Viqar said he thinks Sublttr is a safer alternative to something like Facebook or Craigslist because in order to create an account, the site requires people to sign up with a “.edu” email address.

“This allows us to ensure that the website is exclusive to students, whereas with Craiglist you don’t have a lot of assurance when you’re posting for an apartment,” Viqar said.

On Craigslist, Patel said he has seen a lot of landlords post cheap apartments near the Cathedral of Learning, but he said these are often scams.

“A lot of landlords will crop their pictures and do things that may be misleading,” Patel said. “With Sublttr, it’s all people who are associated with the University and are typically not trying to make money off of this, so you feel a little more comfortable with the people that you’re talking to and what you’re seeing is really depicted as what it is.”

To further ensure safety, Sublttr allows people interested in an apartment to contact the person who posted the listing in a small textbox, but the person’s email address is not visible.

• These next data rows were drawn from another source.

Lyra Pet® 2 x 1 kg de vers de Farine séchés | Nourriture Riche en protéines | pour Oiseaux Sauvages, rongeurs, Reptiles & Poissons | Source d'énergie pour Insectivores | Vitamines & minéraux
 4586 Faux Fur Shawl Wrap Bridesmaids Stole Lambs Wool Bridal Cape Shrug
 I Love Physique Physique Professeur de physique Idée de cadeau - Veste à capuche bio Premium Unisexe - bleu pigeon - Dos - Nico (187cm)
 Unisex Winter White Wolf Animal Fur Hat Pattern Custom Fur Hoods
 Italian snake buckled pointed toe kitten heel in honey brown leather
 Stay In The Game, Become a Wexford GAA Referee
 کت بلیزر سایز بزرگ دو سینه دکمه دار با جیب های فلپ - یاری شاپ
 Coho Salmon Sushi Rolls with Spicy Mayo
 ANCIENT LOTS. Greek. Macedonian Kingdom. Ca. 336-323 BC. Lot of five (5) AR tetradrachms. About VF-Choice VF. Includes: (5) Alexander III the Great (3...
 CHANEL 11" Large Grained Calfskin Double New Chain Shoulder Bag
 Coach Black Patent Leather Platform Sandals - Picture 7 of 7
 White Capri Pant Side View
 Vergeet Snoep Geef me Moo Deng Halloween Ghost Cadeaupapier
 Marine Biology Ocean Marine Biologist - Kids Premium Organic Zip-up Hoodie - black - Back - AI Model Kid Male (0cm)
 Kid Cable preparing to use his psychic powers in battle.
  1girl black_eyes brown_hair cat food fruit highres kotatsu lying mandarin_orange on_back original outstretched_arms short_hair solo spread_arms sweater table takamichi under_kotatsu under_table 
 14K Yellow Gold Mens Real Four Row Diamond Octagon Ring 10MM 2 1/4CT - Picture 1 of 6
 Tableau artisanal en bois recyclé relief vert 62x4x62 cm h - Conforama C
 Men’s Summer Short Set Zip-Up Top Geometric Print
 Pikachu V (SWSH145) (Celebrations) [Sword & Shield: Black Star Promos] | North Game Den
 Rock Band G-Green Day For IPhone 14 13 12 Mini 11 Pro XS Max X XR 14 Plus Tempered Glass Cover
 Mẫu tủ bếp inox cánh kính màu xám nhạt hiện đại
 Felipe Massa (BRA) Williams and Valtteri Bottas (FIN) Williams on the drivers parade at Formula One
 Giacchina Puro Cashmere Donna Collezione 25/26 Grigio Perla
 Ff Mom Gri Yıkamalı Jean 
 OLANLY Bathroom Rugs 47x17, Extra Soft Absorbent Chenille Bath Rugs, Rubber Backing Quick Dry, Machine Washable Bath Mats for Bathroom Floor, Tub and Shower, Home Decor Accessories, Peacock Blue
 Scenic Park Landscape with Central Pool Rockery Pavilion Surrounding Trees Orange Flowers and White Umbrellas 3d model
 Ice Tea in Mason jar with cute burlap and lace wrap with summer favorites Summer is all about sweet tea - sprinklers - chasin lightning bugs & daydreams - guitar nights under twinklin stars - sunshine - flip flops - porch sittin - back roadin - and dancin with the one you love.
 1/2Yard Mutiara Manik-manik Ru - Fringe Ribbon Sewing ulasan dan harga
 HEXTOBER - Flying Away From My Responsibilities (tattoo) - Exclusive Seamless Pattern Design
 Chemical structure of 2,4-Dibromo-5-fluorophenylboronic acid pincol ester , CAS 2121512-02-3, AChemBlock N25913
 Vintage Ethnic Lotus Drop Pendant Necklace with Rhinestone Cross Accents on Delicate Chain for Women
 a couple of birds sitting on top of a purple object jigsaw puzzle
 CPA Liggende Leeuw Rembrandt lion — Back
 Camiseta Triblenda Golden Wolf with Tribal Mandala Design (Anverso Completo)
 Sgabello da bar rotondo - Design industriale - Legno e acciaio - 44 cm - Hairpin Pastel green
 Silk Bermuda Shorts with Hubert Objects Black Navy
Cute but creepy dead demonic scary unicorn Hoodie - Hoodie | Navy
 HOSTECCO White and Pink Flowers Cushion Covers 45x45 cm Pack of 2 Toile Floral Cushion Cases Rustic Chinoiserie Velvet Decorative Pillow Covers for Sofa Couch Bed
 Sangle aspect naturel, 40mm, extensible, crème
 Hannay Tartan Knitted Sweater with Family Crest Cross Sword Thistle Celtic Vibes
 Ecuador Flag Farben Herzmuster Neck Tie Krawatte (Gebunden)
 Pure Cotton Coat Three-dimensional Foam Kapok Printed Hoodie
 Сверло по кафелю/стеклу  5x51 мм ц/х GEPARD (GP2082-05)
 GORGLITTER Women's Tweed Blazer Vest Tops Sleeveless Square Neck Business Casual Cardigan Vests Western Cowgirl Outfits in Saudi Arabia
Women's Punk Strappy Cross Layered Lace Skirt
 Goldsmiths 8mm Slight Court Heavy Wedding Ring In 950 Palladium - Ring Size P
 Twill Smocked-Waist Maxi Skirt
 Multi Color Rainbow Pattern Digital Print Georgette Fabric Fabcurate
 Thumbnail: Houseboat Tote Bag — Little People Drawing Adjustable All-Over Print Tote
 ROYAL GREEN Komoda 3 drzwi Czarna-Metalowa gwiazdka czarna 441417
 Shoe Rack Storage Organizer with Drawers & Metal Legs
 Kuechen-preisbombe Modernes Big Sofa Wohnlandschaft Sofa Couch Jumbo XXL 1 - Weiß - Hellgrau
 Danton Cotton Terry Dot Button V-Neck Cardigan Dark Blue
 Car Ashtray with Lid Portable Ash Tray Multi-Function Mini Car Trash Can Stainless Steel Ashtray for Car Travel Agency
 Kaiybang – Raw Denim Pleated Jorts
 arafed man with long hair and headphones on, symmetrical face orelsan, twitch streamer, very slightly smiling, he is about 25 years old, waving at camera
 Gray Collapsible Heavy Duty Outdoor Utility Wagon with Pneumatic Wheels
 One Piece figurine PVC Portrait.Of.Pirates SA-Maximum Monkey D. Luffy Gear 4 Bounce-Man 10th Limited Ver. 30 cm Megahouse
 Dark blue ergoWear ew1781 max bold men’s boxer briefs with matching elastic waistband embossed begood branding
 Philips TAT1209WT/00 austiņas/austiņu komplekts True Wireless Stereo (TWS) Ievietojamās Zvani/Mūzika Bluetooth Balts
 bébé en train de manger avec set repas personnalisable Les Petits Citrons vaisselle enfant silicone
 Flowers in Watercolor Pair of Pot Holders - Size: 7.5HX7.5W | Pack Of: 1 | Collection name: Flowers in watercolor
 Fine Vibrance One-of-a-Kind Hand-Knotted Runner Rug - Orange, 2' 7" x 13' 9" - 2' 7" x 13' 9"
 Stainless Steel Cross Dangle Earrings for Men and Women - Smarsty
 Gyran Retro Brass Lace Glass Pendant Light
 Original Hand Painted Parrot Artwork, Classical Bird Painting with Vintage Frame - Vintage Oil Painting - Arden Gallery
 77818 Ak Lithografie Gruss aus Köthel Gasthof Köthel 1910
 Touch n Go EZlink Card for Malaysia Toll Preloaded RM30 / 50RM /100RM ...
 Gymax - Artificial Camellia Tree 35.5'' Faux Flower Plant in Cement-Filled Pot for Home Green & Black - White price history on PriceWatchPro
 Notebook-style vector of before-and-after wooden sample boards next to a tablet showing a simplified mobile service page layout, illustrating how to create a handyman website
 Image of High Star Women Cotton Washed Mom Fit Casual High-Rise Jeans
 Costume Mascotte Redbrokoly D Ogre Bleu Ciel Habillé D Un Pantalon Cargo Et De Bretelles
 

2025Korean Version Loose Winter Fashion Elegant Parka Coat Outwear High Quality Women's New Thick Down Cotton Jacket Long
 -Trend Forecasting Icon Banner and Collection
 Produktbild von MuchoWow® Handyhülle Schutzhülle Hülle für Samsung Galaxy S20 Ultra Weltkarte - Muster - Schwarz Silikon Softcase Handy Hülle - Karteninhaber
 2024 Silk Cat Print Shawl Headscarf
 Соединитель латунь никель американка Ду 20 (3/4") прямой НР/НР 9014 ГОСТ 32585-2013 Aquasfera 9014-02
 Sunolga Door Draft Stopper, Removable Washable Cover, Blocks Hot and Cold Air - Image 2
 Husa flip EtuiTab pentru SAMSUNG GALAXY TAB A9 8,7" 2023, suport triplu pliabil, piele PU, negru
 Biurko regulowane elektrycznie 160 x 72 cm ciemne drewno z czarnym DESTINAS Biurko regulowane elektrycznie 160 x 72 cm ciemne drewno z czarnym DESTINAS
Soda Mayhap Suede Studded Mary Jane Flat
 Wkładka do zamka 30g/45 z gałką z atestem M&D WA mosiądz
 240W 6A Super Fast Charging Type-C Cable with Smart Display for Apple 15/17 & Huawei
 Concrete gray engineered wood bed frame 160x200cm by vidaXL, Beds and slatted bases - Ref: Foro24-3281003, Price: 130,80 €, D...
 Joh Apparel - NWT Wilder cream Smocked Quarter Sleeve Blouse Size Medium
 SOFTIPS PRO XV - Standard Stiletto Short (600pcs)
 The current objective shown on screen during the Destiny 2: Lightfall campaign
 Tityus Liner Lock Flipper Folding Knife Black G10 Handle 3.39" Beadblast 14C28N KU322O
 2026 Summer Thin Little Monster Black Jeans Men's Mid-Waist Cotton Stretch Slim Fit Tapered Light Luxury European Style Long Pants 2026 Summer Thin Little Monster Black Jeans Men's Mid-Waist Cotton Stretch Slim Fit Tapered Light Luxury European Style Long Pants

Patel also said he and Viqar spent a lot of time discussing how to make the site easy for anyone to use and asking other students what they’re most interested in seeing when searching for an apartment.

“[Viqar] and I went back and forth figuring out how to organize the data without overwhelming people,” Patel said. “The street-view option is really cool because you can see what the area looks like and you can see pictures inside and even outside the apartment. Our goal for the next year is to see what else we can incorporate to the website and making changes based on feedback we receive.”

Viqar stressed the ability to filter search results with Sublttr as a major advantage over Facebook’s housing pages.

“[If you] click the filter button, then it really narrows down your results and helps you find an apartment that matches your specific criteria,” Patel said. “That’s one of the issues we saw with Facebook. There’s no way to narrow your search. If you go to a group that’s dedicated to Pitt students subletting, you are just presented with a continuous list of options.”

Current subletter Sean Tighe — a rising junior bioengineering major — completely avoided using any online resources to find the apartment he is subletting this summer. He said he considers himself lucky because he found his sublet by asking his landlord for next year if he knew of anything available — and fortunately, he did. But Tighe has had issues in the past with subletting.

“Last year when I moved in, I found out I would be living in the basement, which was alright because it was nice and cool down there,” Tighe said. “But it was also really sketchy and we ended up getting spiders and centipedes, and it was kind of gross. But it was just the summer so if you can tough it out, then it’s fine.”

But if Tighe got into a more desperate situation where he needed to either sublet his own apartment or find a sublet, he said he would use Sublttr.

“[When] I was trying to sublet this apartment I’m in right now, I needed to fill space because there’s like four bedrooms,” Tighe said. “So if I needed that filled up, I would [have] definitely used [Sublttr] because it was getting close to the end of the spring semester, and I still needed one more person.”

Viqar and Patel plan to expand the site so it is accessible to students in other cities, not just Pittsburgh and Philadelphia. They said the site has received a lot of positive feedback, and that they will continue to market it to local employers and internship programs. In particular, Viqar said one of his goals for Sublttr is that it serves as a central place where anyone from around the world can access it to find sublets.

“I think this problem exists in all schools across the country,” Viqar said. “People come to schools from around the world, and knowing that there’s this central place called Sublttr for whatever city you’re going to [would be] really useful.”